10 books that made me a better product manager

That weren’t really about product management


I never set out to be a Product Manager. In fact I never even really knew what it was until someone told me I was one. This just a quirk of fate and luckily I loved what I did and having a name for it opened up a world of opportunities to learn more.

I have never really worked anywhere where product management was an established role so I have just kind of gone my own way and defined my own remit and judging by what I read I tend to pick a bit from a whole bunch of different job descriptions, shake the bag up a bit and then take it from there.

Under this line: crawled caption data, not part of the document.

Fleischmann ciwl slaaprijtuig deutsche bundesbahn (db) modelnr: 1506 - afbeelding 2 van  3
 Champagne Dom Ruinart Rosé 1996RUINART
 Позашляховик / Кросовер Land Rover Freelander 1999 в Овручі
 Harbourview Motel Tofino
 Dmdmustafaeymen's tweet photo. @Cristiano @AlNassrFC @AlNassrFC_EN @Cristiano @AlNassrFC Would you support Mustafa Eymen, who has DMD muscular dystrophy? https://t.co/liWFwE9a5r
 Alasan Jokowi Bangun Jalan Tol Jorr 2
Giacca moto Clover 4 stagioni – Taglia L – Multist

Agile Coach, Product Evangelist, Hiring Manager, Social Media officer, User Researcher. There is a little bit of all of them and more in how I work and the following books are at least a little to blame for that →

  1. The Lean Start-up — OK so it has a lot to answer for and has probably spawned more bullsh*t blogposts and dodgy start-ups than anything ever written but actually it is full of gems and I am now working somewhere where even more of it makes sense.
  2. Turn the Ship Around — the best book I’ve read about new approaches to leadership and team working. The fact it is about leading the crew of a nuclear submarine is almost by-the-by (but does make it pretty interesting!).
  3. The Phoenix Project— this was the first business book I had read that took the narrative, story-telling approach. It was also the first book that really explained to me what the hell DevOps was and the real meaning of ‘lean’.
  4. Radical Focus — this was the second business book I read that tok the narrative, story-telling approach. It really explains the OKR approach to prioritisation and why it can be so successful. I was pretty non-plussed about the concept before this book but now I am a total convert.
  5. Sprint— I was actually introduced to the Google Ventures approach to Design Sprints long before this book via a talk by Dan Ramsden from the BBC. I’m a big fan of the approach — it isn’t for everything or everyone but it is valuable tool and generally just a good framework for user-centric working even if you ignore the all in five days element!
  6. The Everything Store — there is a lot about the Amazon way that is pretty icky particularly that they treat their staff dreadfully from the warehouse to meeting room to the data centre. This book though is a really insightful into how they became the colossus they are today and how a militant focus on the customer was a massive part of that.
  7. Work Rules— on the one hand any book about hiring, organisational culture and staff development that is almost entirely about Google is not going to be that transferable. After all they are a place people queue up to work, with significant salaries and the opportunities to really work on huge projects. Most of us don’t have those advantages. That said Google are far from perfect, do some odd things and alienate their share of candidates as well. This book shows both sides of that and is a really great primer for why making hiring a major priority is so important if you ever want to be successful.
  8. Little Rice — Clay Shirky’s tale of the rise of Xiaomi, the Chinese mobile manufacturer, is an amazing story that again demonstrates how a total focus on being customer-centric, reacting to feedback and operating at pace can power an ascent past more established competition in hardly any time.
  9. Linchpin— Like many of Seth Godin’s work this is more pamphlet than book and mainly consists of a handful of key ideas but what I found incredibly useful when I first read it a few years ago is that it seemed to endorse the kind of role I was creating for myself. The idea of being the connector, the centre of a network. Of being open and sharing for the benefit of the organisation and in doing so becoming a ‘linchpin’ was all extremely reassuring.
  10. Creativity Inc— Who the hell wouldn’t want to learn from Pixar. If anything you do is the slightest bit creative or you work in any kind of collaborative environment then this is a must read. Sure it can be a bit down-heartening when you compare what they are up to with your own experiences but they are Pixar after all! It is inspiring and not without usable nuggets that are worth a try.